Code level summary of the patch attached:
(1) Node Manager launches DiskHealthCheckeraService that periodically launches/executes the disk-health-check-code. A new configuration property yarn.nodemanger.disk-health-checker.interval-ms is added for the frequency with which this code is executed, with a default value of 120*1000ms(i.e. 2minutes).
(2) LocalStorage is a new class that manages a list of local file system directories and provides api for checking the health of those directories (mostly similar to TaskTracker.LocalStorgae class of 0.20 except that this class' checkDirs() doesn't throw DiskErrorException when all directories fail but returns true if a new disk-failure is seen.
(3) DiskHealthCheckerService maintains 2 LocalStorage objects ---- one for nm-local-dirs and second one for nm-log-dirs.
(4) ContainerExecutor is initialized with the DiskHealthCheckerService object. So both DefaultContainerExecutor.java and LinuxContainerExecutor.java get good nm-local-dirs and nm-log-dirs from the DiskHealthChecker always.
(5) container-executor binary gets good nm-local-dirs and good nm-log-dirs as a parameter and uses these good dirs only. So these are removed from the configuration file(i.e. not needed to be configured in container-executor.cfg configuration file).
(6) Whenever a new container gets launched, the good nm-local-dirs and good nm-log-dirs are updated in the configuration sothat containers won't access bad disks.

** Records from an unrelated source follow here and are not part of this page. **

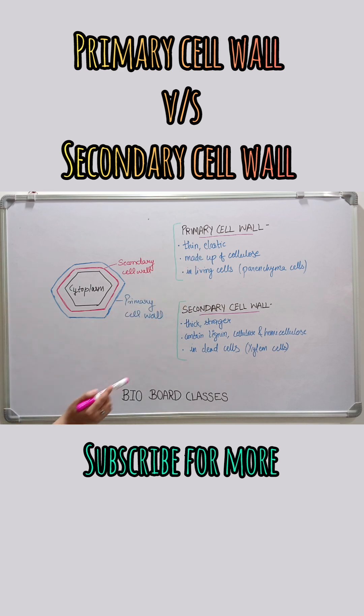The secondary cell wall is hard and protective. Follow for more one-minute science videos.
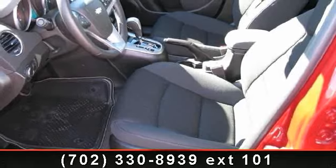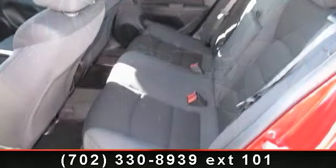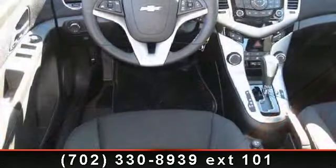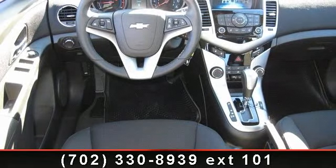If you are looking for a new car, this might be the one. Low mileage is an important factor in your purchase, and this vehicle delivers a low odometer reading. Let us put you in the driver's seat today. Call or click to schedule a test drive.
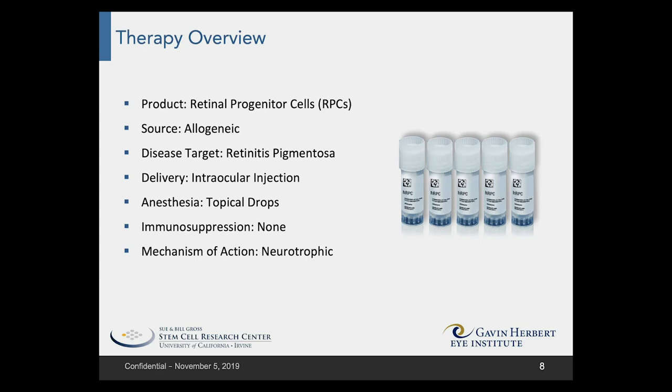The disease target is retinitis pigmentosa. The delivery is through intraocular injection into the vitreous cavity, just as was seen in the rats, and this can be performed in the office setting using topical numbing drops.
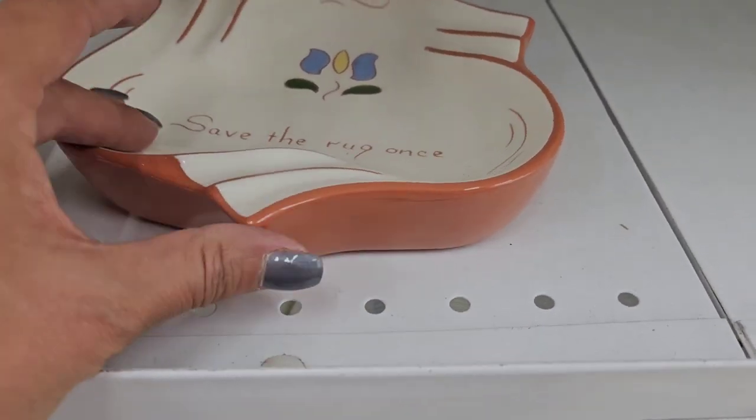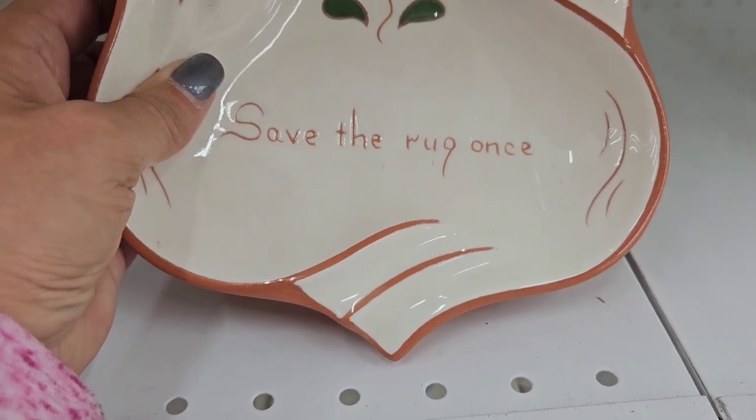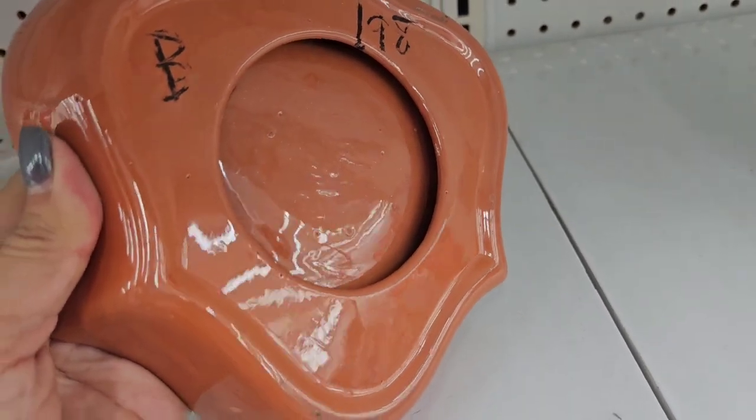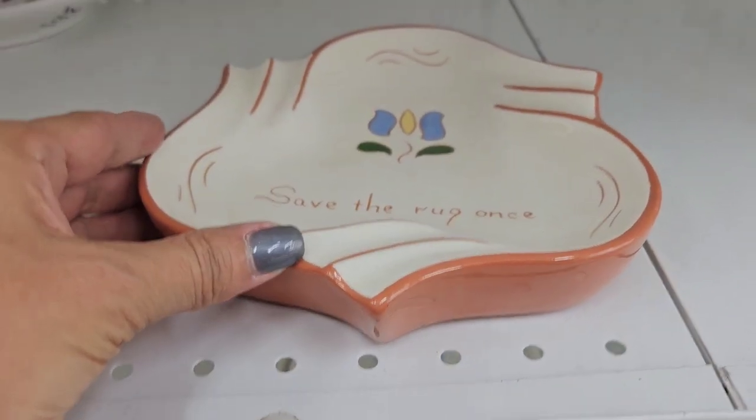This looks like an ashtray - it's got some crazy on it. It is a vintage ashtray for Donny Lee, but I don't think I'm going to get it.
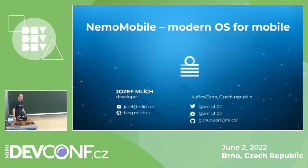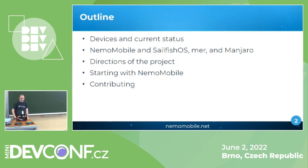I will be speaking about NemoMobile, which is our operating system developed entirely by the community. We are developing it on the PinePhone, which I have here, and also on the CutiePi. Let's look at how it looks.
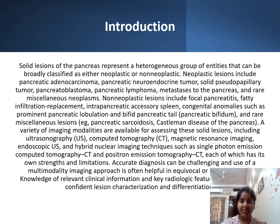Congenital anomalies such as prominent pancreatic lobulation and bifid pancreatic tail. A variety of imaging modalities are available for assessing these solid lesions, including ultrasonography, computed tomography, MRI, and hybrid nuclear imaging such as single photon emission computed tomography and positron emission computed tomography.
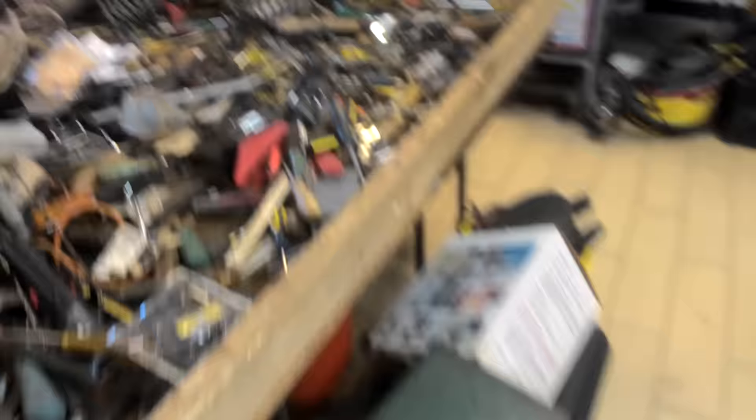Bargain table this week — all this fine stuff is going to be removed, and all this stuff in the boxes will be put out onto the $6 table. So, $6 table this week, and a whole bunch of stuff to throw on there.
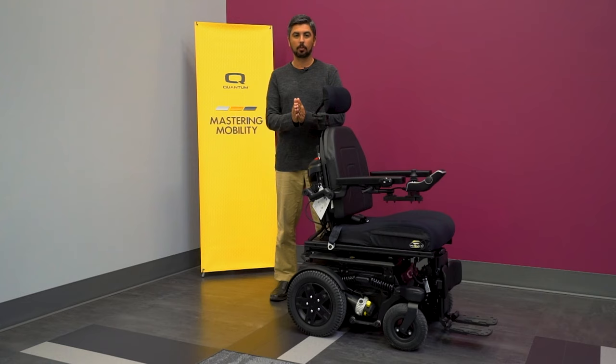The R-Track is the next level of rear-wheel drive capability. It's engineered to withstand outdoor obstacles while offering ultimate comfort, all with the goal of continuing to serve users' activities of daily living. We have much more information on this exciting power chair on our website, quantumrehab.com. Check it out, and we'll see you next time on Mastering Mobility.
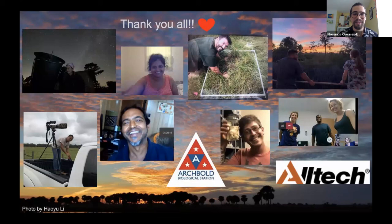I want to thank you all — Archbold in general, the folks at Altec, Greg for all the guidance, and every single person in these pictures who played an important role in my internship at Archbold. I'm eternally grateful. Does anybody have any questions?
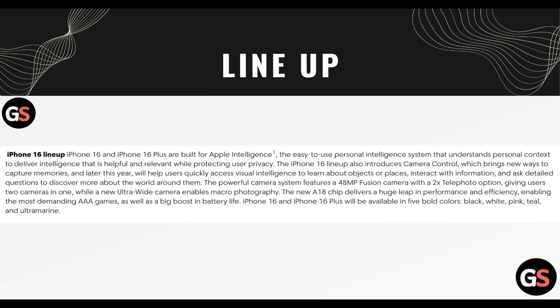iPhone 16 and iPhone 16 Plus are built for Apple Intelligence, the easy-to-use personal intelligence system that understands personal context to deliver intelligence that is helpful and relevant while protecting users' privacy. The iPhone 16 lineup also introduces camera control, which brings new ways to capture memories and will help users quickly access visual intelligence to learn about objects or places, interact with information and ask detailed questions to discover more about the world around them. The powerful camera system features a 48MP fusion camera with a 2x telephoto option, giving users two cameras in one, while a new ultra-wide camera enables macro photography.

Everybody (localizer, webserver) goes through DiskHealthChecker to access nm-local-dirs and nm-log-dirs.
(7) On the NodeManager web UI, NodeHealthReport will be showing the lost of good nm-local-dirs and nm-log-dirs in addition to true/false about the health of the node.
(8) A new unit test TestDiskFailures is added that makes disks(both nm-local-dirs and nm-log-dirs) fail and checks/validates if the NodeManager/DiskHealthChecker can identifies these disk-failures or not.
Tested the patch with (1) DefaultContainerExecutor and (2) LinuxContainerExecutor on my single node cluster. The functionality seems to be working fine with disk failures getting identified by NodeManager and the bad nm-local-dirs and bad nm-log-dirs getting avoided for new containers.